Trabzon Serbest Bölgede kiralar düştü de ondan, doldu.
Hadi canım sende
Eğer bu kira işi ise, siz niye düşürmediniz.
Bilenen bir şeydir, ama yine de tekrarlayayım; Değişimler ve dönüşümlerde her zaman bir kişi ile başlar.
O inanır, hesabını kitabını yapar sonra da çarkı döndürecek marşa basar.
Sonra o kişi, eşyanın tabiatına uygun bir içerik belirler. Ne yapacağına karar verir. Gerekli organizasyonu kurar ve daima başkalarına ihtiyacı olduğunu bilir. Onları harekete geçirir.
Ticarette de her zaman başkalarına ihtiyaç duyulur. Bu, ister iş ortaklığı için olsun, ister çalışan- teknisyen ya da beyaz yakalı bürokrat olsun Başkalarına ihtiyaç vardır.
Ticarette kazan kazan ilkesi ne kadar basittir.
Trabzon"da Serbest Bölgedeki hareketin marşına da Şeref Bektaşoğlu vurdu.
Bu böylece biline. Tebrikler Bektaşoğlu
...
BDT"den Türkiye"ye ihracat 22.5 milyar dolar.
Türkiye"den BDT"ye yapılan ihracat 5 milyar dolar kadar.
Gördünüz mü açığı; 17, 5 milyar dolar.
Ciddi bir cari açık değil mi?
Trabzon"dan BDT"ye yapılan ihracatta kırmızı hat uygulaması nedeniyle Trabzonlu ihracatçıların giderek yıldızları sönüyor.

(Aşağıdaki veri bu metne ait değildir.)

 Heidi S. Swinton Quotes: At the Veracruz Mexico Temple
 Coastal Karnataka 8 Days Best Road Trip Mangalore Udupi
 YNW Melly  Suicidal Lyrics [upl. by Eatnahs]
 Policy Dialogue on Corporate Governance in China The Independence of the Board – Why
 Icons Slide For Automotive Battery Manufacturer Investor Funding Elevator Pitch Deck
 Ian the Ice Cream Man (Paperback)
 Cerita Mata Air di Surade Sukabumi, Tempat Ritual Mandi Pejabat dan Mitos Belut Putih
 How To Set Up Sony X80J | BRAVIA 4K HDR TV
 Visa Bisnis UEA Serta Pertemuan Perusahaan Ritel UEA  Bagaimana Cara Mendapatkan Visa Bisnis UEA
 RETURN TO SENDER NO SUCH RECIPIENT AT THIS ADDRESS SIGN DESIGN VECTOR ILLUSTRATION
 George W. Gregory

Trabzonlu ihracatçıların bağlantı yaptıkları Ege"de üzüm çöpe gitti, domatesin ise tarlada kaldı.
Zarar büyük.
Şimdi sırada Ege"nin ve Akdeniz"in Narenciyesi var.
Kırmızı hat uygulaması devam ediyor.
Trabzon Limanı, BDT"ye yapılan ihracatta önemli bir kapı.
Trabzon kendi ihracatçısını yetiştirdi. Bunların nerdeyse tamamı tabandan geldi. Dişleri tırnakları ile buralara kadar geldiler, hatta gemi sahibi, narenciye işleme tesisi sahibi oldular.
Giderek zora giriyorlar. Aslında SOS çığlığı atmaya başladılar bile .
Bilirsiniz Fatih"in İstanbul"u fethi sırasında surların içinde en önemli tartışma Meleklerin Kanıtı olup olmadıkları ile ilgiliydi.